One of Corning’s most remarkable
glassmakers was Frederick Carder
(1863-1963), an English-born designer who
was director of Steuben Glass Works
(1903-1933), and art director at Corning
Glass Works (1933-1944). He created glass
colors and shapes, pioneered decorative
processes, and experimented with early
techniques, such as the making of millefiori
glass.
The Museum has been undergoing a $65 million
renovation since 1996, which concludes this year.

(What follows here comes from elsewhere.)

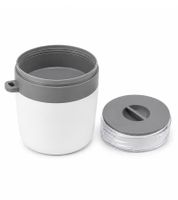 Duo Tableware Joghurtbecher to-go 2-stöckig mit Müslifach ohne Löffel Kunststoff-Becher 310ml **B-Ware – geprüft & funktionell einwandfrei** Weiß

The Museum will also open these new areas in
2000:
May 27 35 Centuries of Glassmaking
July 21 New Rakow Library
October 7 Modern Glass Gallery
The Corning Museum of Glass, opened in 1951, is
an independent, non-profit, educational institution,
dedicated to the art, history, research, and exhibition
of glass and glassmaking. The Museum houses the
world’s premier glass collection - more than 35,000
objects representing 3,500 years of glass
craftsmanship and design.
The Museum includes the Glass Innovation Center,
presenting stories of life-changing glass
technologies; the Sculpture Gallery, focused on
contemporary glass sculpture; the Art and History
Galleries, which contain the world’s most
comprehensive collection of glass; The Hot Glass
Show with daily glassblowing demonstrations;
Flameworking Live! with daily glassmaking
demonstrations; and the Rakow Library, the world’s
most comprehensive library on the history and art of
glass. The Museum campus also includes The
Studio, an educational and artistic glassmaking
facility; two eateries; an orientation theatre; an
auditorium; and seven Museum Shops, which
include art glass, glass jewelry, books on glass, and
consumer glass products.
The Corning Museum of Glass, located at One
Corning Glass Center, Corning, NY 14830, is open
daily from 9 a.m. to 5 p.m. From July through Labor
Day, it is open from 9 a.m. to 8 p.m.